Task: Pictures aside, copy exactly the lines running from the one with "A bedroom with" to the end of the records.

◆ ◆ ◆ ◆

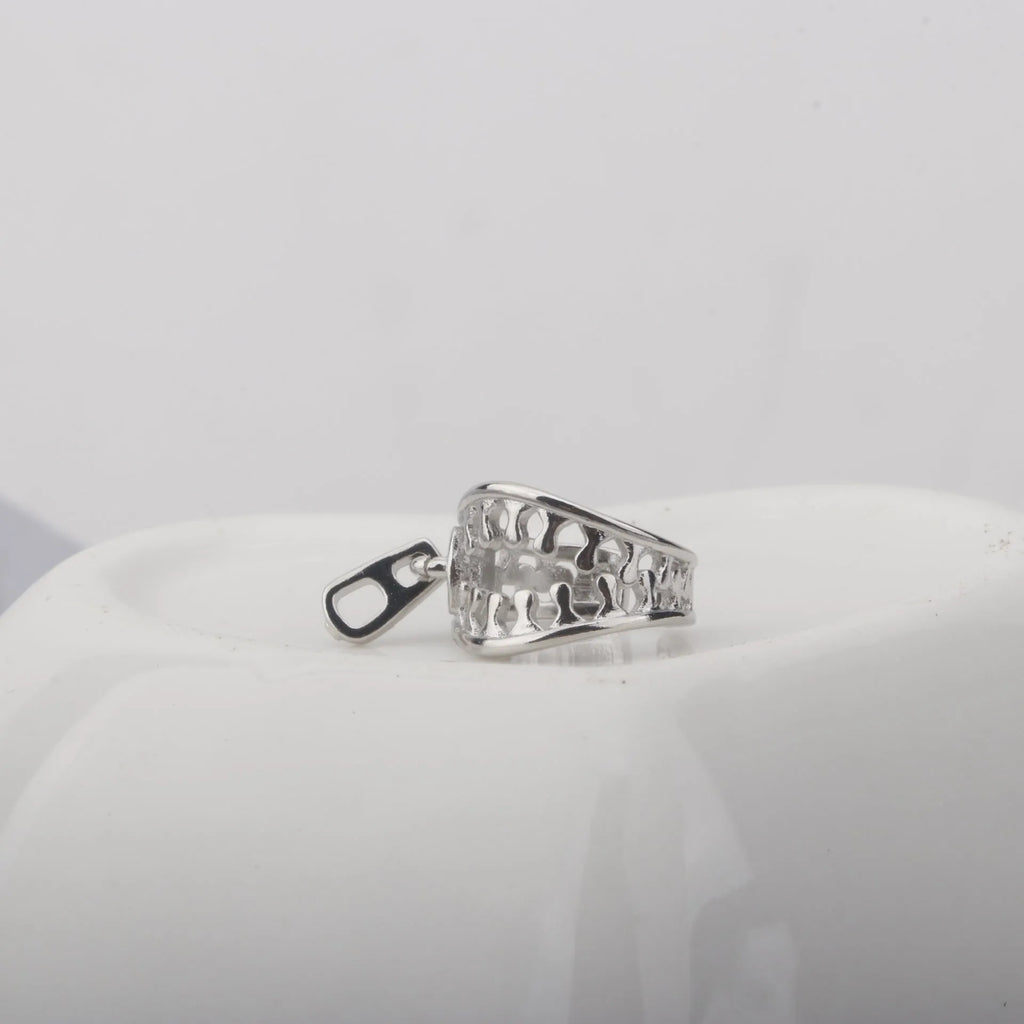 A pair of geometric copper clip-on earrings with linear design in colour ES862.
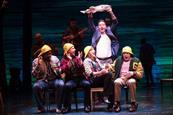 Some of the cast from the Come from Away musical pictured on stage during one of the scenes.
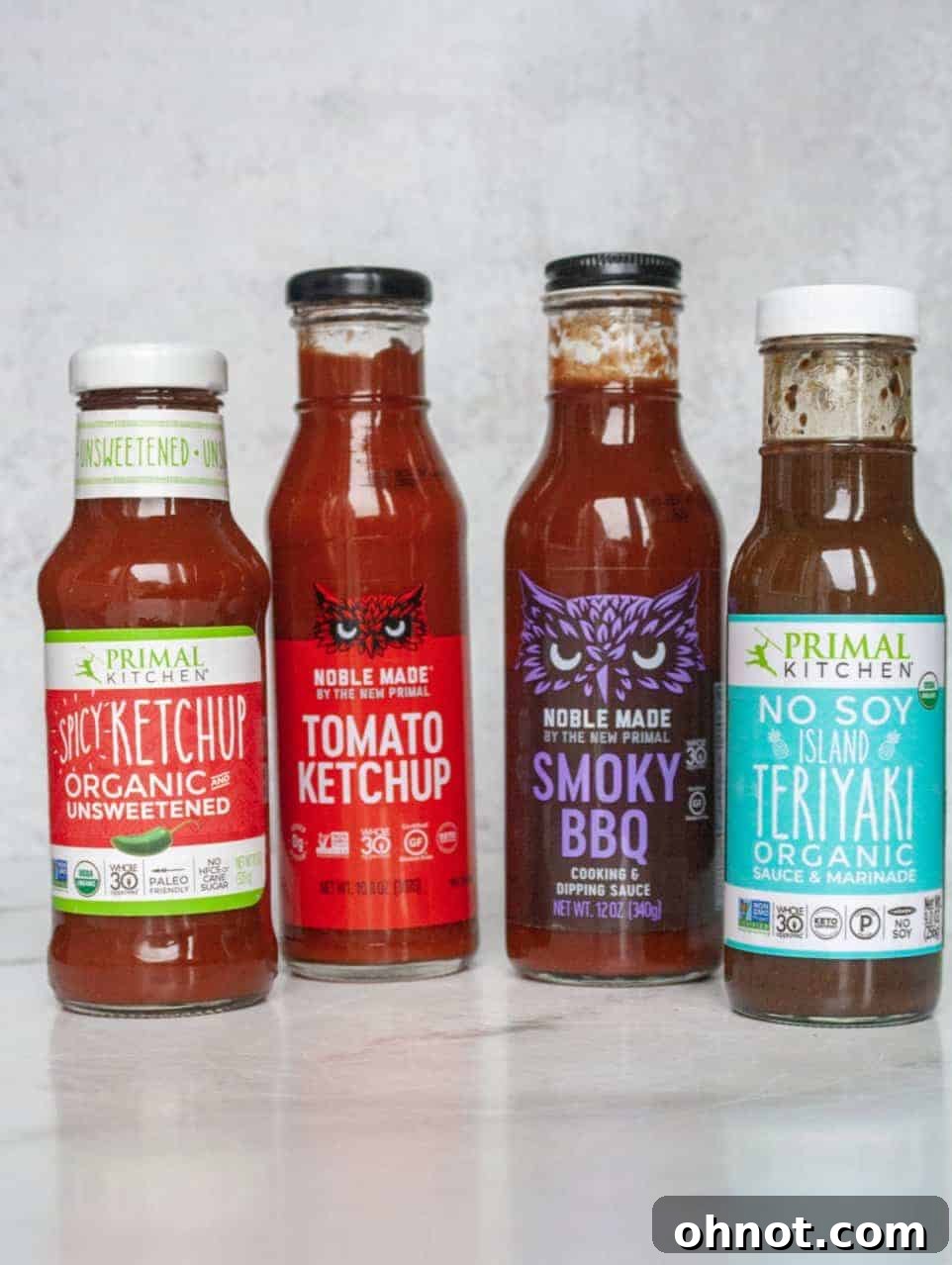 Selection of Whole30 approved products including condiments, ghee, and nut butters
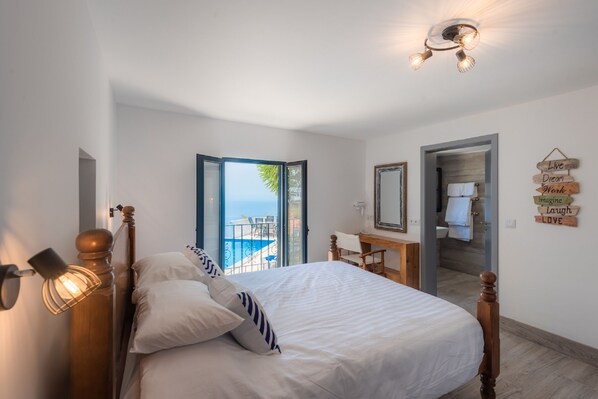 A bedroom with a bed, a desk, and a view of the sea. - Blue Ocean Villa. Magnificent Ocean view. Private Heated Pool. Quiet. AC. Garden (Faja da Ovelha, Calheta, Madeira)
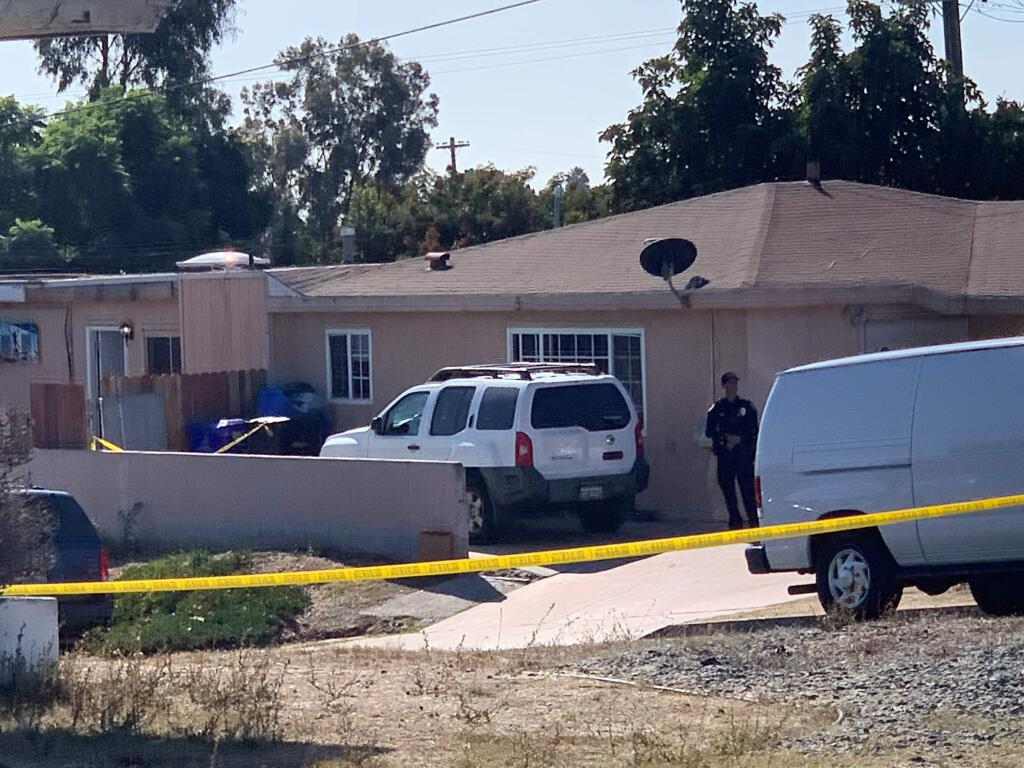 San Diego police investigate a shooting that killed five members of a family and wounded one more in Paradise Hills on Saturday, Nov. 16, 2019 in San Diego, Calif. Police said two adults and three children were shot to death and a fourth child was hospitalized with injuries in an apparent murder-suicide in San Diego. (Hayne Palmour/The San Diego Union-Tribune via AP)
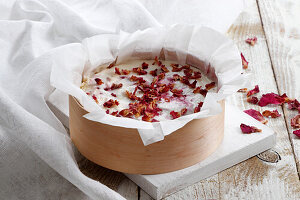 Cheesecake with raspberries sprinkled with rose petals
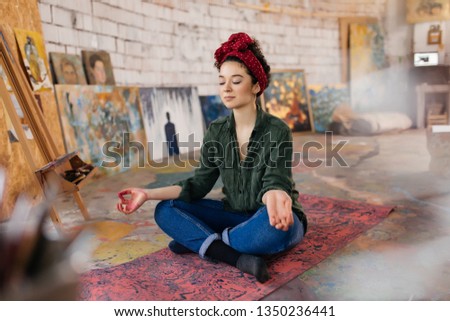 Young attractive smiling woman with closing eyes sitting on yoga mat in lotus pose and meditating spending time in cozy workshop with modern paintings on background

◆ ◆ ◆ ◆

Response for this exercise:
 A bedroom with a bed, a desk, and a view of the sea. - Blue Ocean Villa. Magnificent Ocean view. Private Heated Pool. Quiet. AC. Garden (Faja da Ovelha, Calheta, Madeira)
 San Diego police investigate a shooting that killed five members of a family and wounded one more in Paradise Hills on Saturday, Nov. 16, 2019 in San Diego, Calif. Police said two adults and three children were shot to death and a fourth child was hospitalized with injuries in an apparent murder-suicide in San Diego. (Hayne Palmour/The San Diego Union-Tribune via AP)
 Cheesecake with raspberries sprinkled with rose petals
 Young attractive smiling woman with closing eyes sitting on yoga mat in lotus pose and meditating spending time in cozy workshop with modern paintings on background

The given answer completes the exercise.